- Origin: Dhaka, Bangladesh
- Genres: Alternative rock, Grunge
- Years active: 2007–present
- Label: Independent
- Members: Faheem Hossain; Sakib; Navid Iftekhar Chowdhury; Muntasir; Fasihuddin Ahmed Itmam;
- Past members: Saikat; Asif; Sondhi; Brenton;

= Aftermath (Bangladeshi band) =

Bangladeshi alternative rock band

Aftermath (Bengali: আফটারম্যাথ) is a Bangladeshi alternative grunge rock band formed in Dhaka, Bangladesh on 23 November 2007. The band released their debut single, "Surjopekkha," in 2008 and released their debut studio album, Jed, in March 2021.

== History ==
In 2007, Aftermath was formed in Dhaka by guitarist Faheem Hossain, drummer Sakib, and bassist Saikat while pursuing their higher secondary education. In 2008, the band released its debut track, "Surjopekkha," followed by "Matir Roud" in 2009. Navid Iftekhar Chowdhury officially joined the band as lead vocalist in 2009. During this early period, the group released another single titled "Moho" but faced lineup instability, as early members Sondhi, Saikat, and Brenton departed due to personal and professional reasons. Consequently, Aftermath operated as a trio consisting of Faheem, Sakib, and Navid for an extended period.

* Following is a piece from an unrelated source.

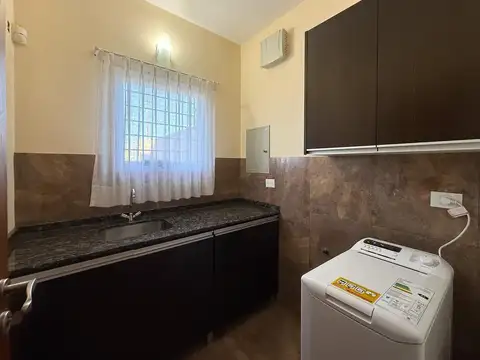 Casa en Venta al Este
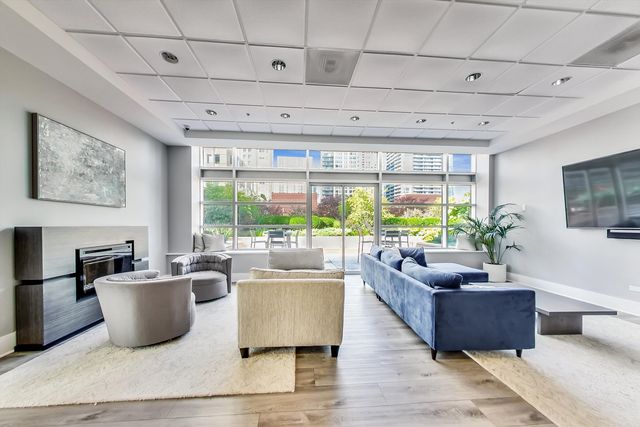 545 N DEARBORN Street 3601, Chicago, IL 60654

In 2014, Aftermath's lineup stabilized with the addition of bassist Muntasir and guitarist Asif, both previously of the band Distorted. Beginning in 2015, the group established a regular weekly practice routine at a studio named Funkadelic, which the members credited with refining their compositional chemistry and sound. In 2018, Aftermath became one of the co-founding acts of "The Art of Rock," a local concert series launched to promote unfiltered Bangladeshi rock music.

In March 2021. Aftermath released of its debut studio album, Jed. After the album's release, guitarist Fasihuddin Ahmed Itmam, who was also a former member of the band Owned, joined Aftermath's official lineup.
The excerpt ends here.